Moreover, in his brief on appeal, Dunaway aptly provides the following further response to the inadvertence/willfulness factor:
“[T]his Court has held that a juror's inadvertence in failing to answer voir dire questions does not eliminate prejudice:
“ ‘Our courts have held that the concealment by a juror of information called for in voir dire examination need not be deliberate in order to justify a reversal, for it may be unintentional, but insofar as the resultant prejudice to a party is concerned it is the same.’
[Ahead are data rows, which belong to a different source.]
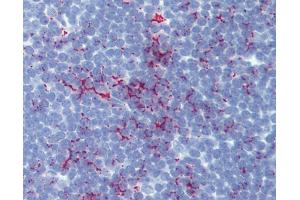 Anti-SENP1 antibody IHC of human thymus. (SENP1 抗体  (AA 28-59))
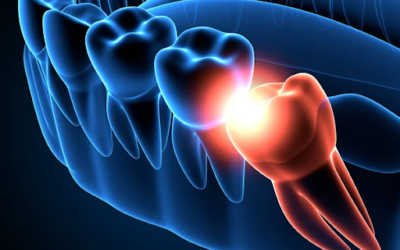 Learn the Basics About Wisdom Tooth Extraction
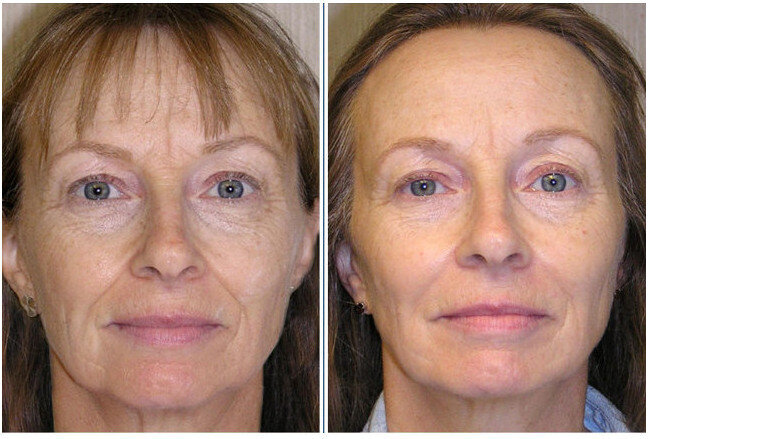 Figs. 7a & b: Before and after facial photographs.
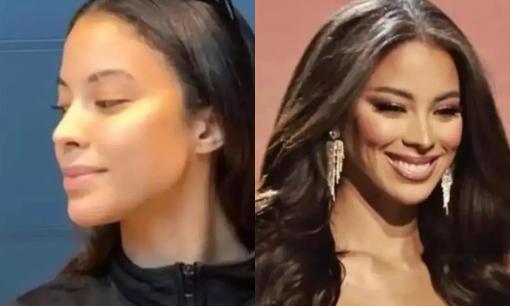 Hậu tiết lộ Miss Universe 2022 có gian lận, Á hậu 2 Andreína Martinez dính nghi vấn phẫu thuật thẩm mỹ 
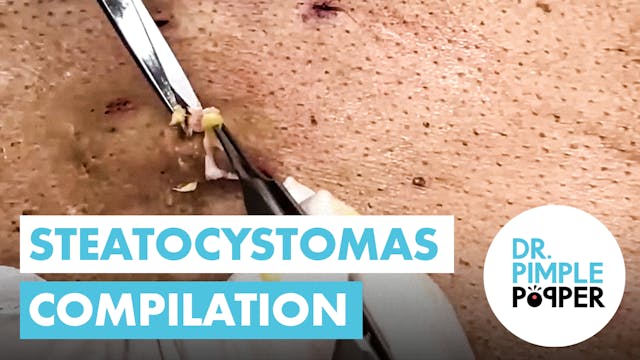 Steatocystomas Compilation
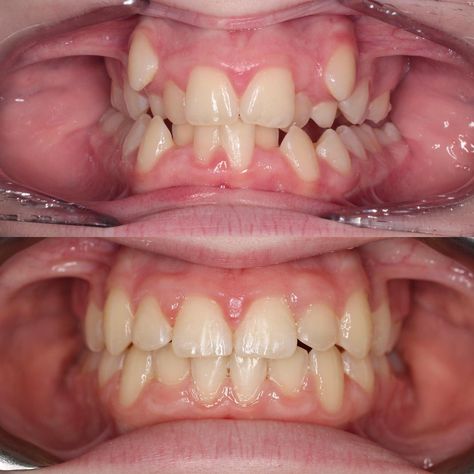 Check out this 15year old female’s transformation! ⠀⠀⠀⠀⠀⠀⠀⠀⠀ Our orthodontics is comprehensive. We don’t just look at aesthetics but functionality too. ⠀⠀⠀⠀⠀⠀⠀⠀⠀ When she came into see Dr.Ng she presented with: -Extremely crowded teeth -Buccally impacted canines -Bilateral crossbite ⠀⠀⠀⠀⠀⠀⠀⠀⠀ After only 15 months of braces she now has: -Improved functionality for chewing -Broader arches -Beautiful straight teeth ⠀⠀⠀⠀⠀⠀⠀⠀⠀ *All accomplished WITHOUT extractions or surgery!* ⠀⠀⠀⠀⠀⠀⠀⠀⠀ If you want t Teeth Implants Before And After, Messed Up Teeth, Crowding Teeth, Teeth Reference, Braces Before And After, Rotten Teeth, Dental World, Skull Reference, Crooked Teeth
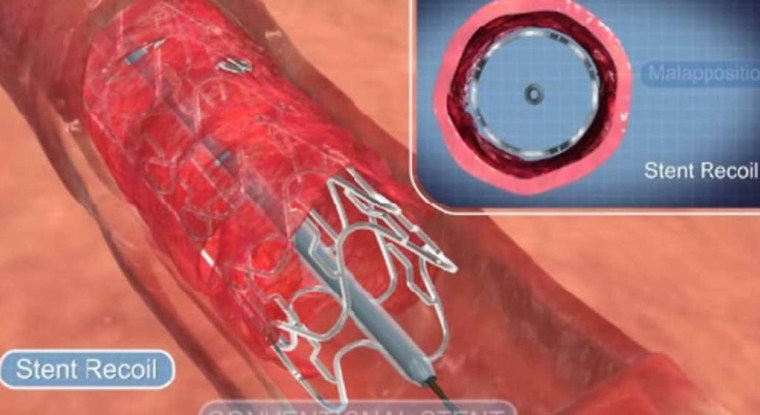 La montée en puissance de la nouvelle génération de stents se fait attendre. (© Stentys)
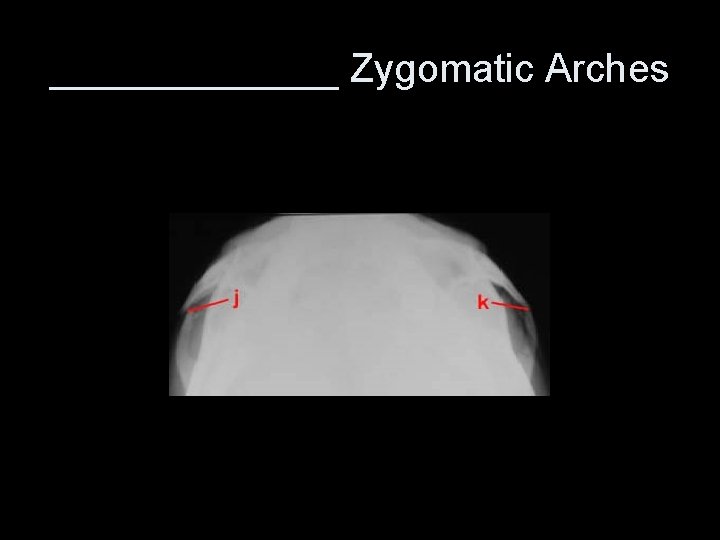 _______ Zygomatic Arches 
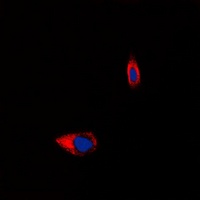 Anti-Tachykinin Receptor 1 Antibody
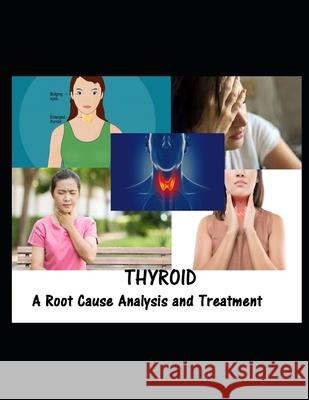 Thyroid: A Root Cause Analysis and Treatment Ravi Kiran 9798529859957 Independently Published - książka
“Sanders v. Scarvey, [284 Ala. 215,] 224 So.2d 247, 251 (Ala.1969) (finding prejudice where jurors failed to reveal that they had brought suit in a personal injury case). Similarly, in Alabama Gas Corp. v. American Furniture Galleries. Inc., 439 So.2d 33 (Ala.1983), this Court stated:
“ ‘Nevertheless, if the failure to answer was prejudicial to the inquiring party, the result is the same as if it had been deliberate. Parties have the right to have questions answered truthfully so that they may exercise their discretion wisely in the use of their peremptory strikes, and that right is denied when a juror fails to answer correctly. And when the circumstances disclose that such a failure probably prejudiced the complaining party, in the trial court's discretion, its grant of a new trial will not be reversed.’
“Id. at 36 ; see also Leach v. State, [31 Ala.App. 390,] 18 So.2d 285, 286 (Ala. 1944) (‘Whether such concealment was deliberate or unintentional, on the part of the juror, need not be considered, insofar as the resultant prejudice to defendant be concerned.’).”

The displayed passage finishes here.